When Conan Doyle created his literary lion in 1887 it was just before the Jack the Ripper murders occurred in Victorian London. Six murders were committed in less than 90 days, and the police were stymied. The crime scenes had been contaminated and evidence collection was not part of police procedure. The crimes were never solved.
Conan Doyle’s first Sherlock adventure, A Study in Scarlet, featured Holmes applying methods that would be used 120 years later: he protected the crime scene, searched for trace evidence, smelled the surroundings, measured everything and devised deductions.
British actor Benedict Cumberbatch is essaying the character of Holmes on PBS’ Masterpiece series, which returns for a new season on January 19.

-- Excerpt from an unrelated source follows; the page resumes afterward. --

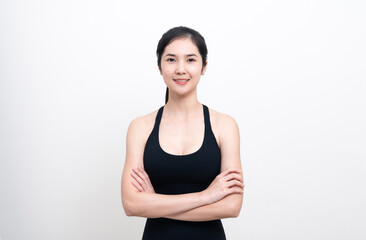 Attractive Asian woman in black workout clothes doing arm stretching on white background. Confident young female athlete body warm up before workout on isolated.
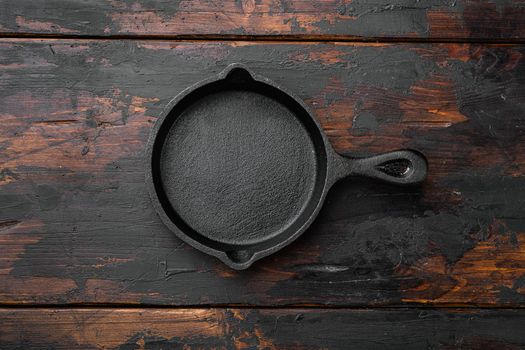 Used old empty frying pan set with copy space for text or food with copy space for text or food, top view flat lay, on old dark wooden table background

He finds the role both inspiring and exhausting. “It is a rare challenge, for an audience and for an actor, to take part in something with this level of intelligence and wit,” he says. “And you have to play with it. You have to really enjoy it.
“It takes a lot of effort to play clever. It takes very little effort to look clever, as I found out through my character for some reason. And it’s the sort of challenge that you just have to love, and I really do. I absolutely love every minute of it as hard as it can be.”
Fiction aside, “How Sherlock Holmes Changed the World” examines real crimes like the Sam Sheppard and the Michael Curley case and how they were solved utilising Holmes’ techniques.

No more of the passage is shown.